Bevins works on several levels herein. There is the broad overall question. But he seriously examines protests in countries like Brazil, Hong Kong, Turkey, and Ukraine, seeking to understand each situation. His material on Brazil is especially insightful as he lived and worked there for 13 years (and currently lives there) and he really seems to understand the country on its own terms. Perhaps most interesting is his focus on protests in June 2013, initially focusing opposition to bus fare price hikes, to development of a situation three years hence where Dilma Rousseff of the leftist Workers’ Party had won the presidency and then was impeached, and ultimately replaced by Jair Bolsonaro—one of the most reactionary politicians in the world—who was elected to the presidency of Brazil.
His material on other countries is good, but he’s dependent on finding good sources who well understand their particular country and who can convey this in-depth in English to him as reporter, although he speaks English, Indonesian, Portuguese, and Spanish.
He then tries to analyze what happened in each of these countries and generalize across the “developing world.” There are hints within on the importance of both the mainstream and social media in understanding this; obviously, he thinks these are new phenomena not well understood. He eventually pulls his thinking together more coherently by the end of the book.
His penultimate chapter—“Reconstructing the Past”—is where he tries to bring his findings together in a coherent fashion. As he writes, “Many people who spoke with me know very well that things can go terribly wrong regardless of intention….” It is this hard-headed realism that I find useful.
As he argues, activists must consider what happens after the protest, and especially with the greater the success of the protest:
The idea is that if you blow a hole in the center of the political system, taking power away from those who have it, then someone else is going to enter the empty space and take it. Unclaimed political power exerts an irresistible gravitational pull on anyone who might want it, and at every moment in recorded history, someone has wanted it. (Shifting to language of a theatrical performance) If you want to knock the main players off the stage, you should be paying attention to who is going to take their place. These might be local or foreign actors. If it is not going to be you, then you had better like the people who are waiting in the wings.
The particular repertoire of contention that became very common, almost appearing to be natural, from 2010 to 2020—apparently spontaneous, digitally coordinated, horizontally organized, leaderless mass protest—did a very good job of blowing holes in social structures and creating political vacuums. There’s a good reason we so often call them “explosions.” As a very simple rubric for understanding the outcome in each country, we just have to look at who was ready and waiting to rush in.
In the mass protest decade, street explosions created revolutionary situations, often on accident. But a protest is very poorly equipped to take advantage of a revolutionary situation, and that particular kind of protest is especially bad at it. … a diffuse group of individuals come out to the streets for very different reasons cannot simply take power themselves, at least not as an entire diffuse group of individuals (p. 263-64).

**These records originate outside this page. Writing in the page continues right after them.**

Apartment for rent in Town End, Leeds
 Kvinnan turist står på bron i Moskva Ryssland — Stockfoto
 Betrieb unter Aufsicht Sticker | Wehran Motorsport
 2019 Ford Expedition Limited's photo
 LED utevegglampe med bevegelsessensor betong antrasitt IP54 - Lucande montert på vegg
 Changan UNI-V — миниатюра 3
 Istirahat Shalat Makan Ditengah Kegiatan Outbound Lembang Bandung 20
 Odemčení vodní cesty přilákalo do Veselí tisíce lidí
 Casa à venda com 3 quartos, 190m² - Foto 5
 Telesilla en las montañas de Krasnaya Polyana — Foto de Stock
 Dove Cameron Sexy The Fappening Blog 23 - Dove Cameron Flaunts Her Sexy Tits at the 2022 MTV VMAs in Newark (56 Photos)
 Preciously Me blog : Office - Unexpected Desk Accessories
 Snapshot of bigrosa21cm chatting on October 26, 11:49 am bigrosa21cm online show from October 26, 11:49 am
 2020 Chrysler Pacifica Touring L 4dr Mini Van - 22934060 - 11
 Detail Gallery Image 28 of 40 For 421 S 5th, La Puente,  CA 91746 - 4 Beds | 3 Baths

Accordingly, although he doesn’t explicitly make the point, mobilization is not sufficient; we must build organizations from the ground up to make it possible to achieve the social change we seek. (See my recent “Building Organizations from the Ground-up”.)
He particularly focuses on bottom-up mobilization and its processes; and he places them in the context of Leninism and “horizontalization.” I find this useful to an extent; I detail below. However, he clearly is trying to generalize his findings across a number of countries with different histories, cultures, etc., which adds importance to his reporting.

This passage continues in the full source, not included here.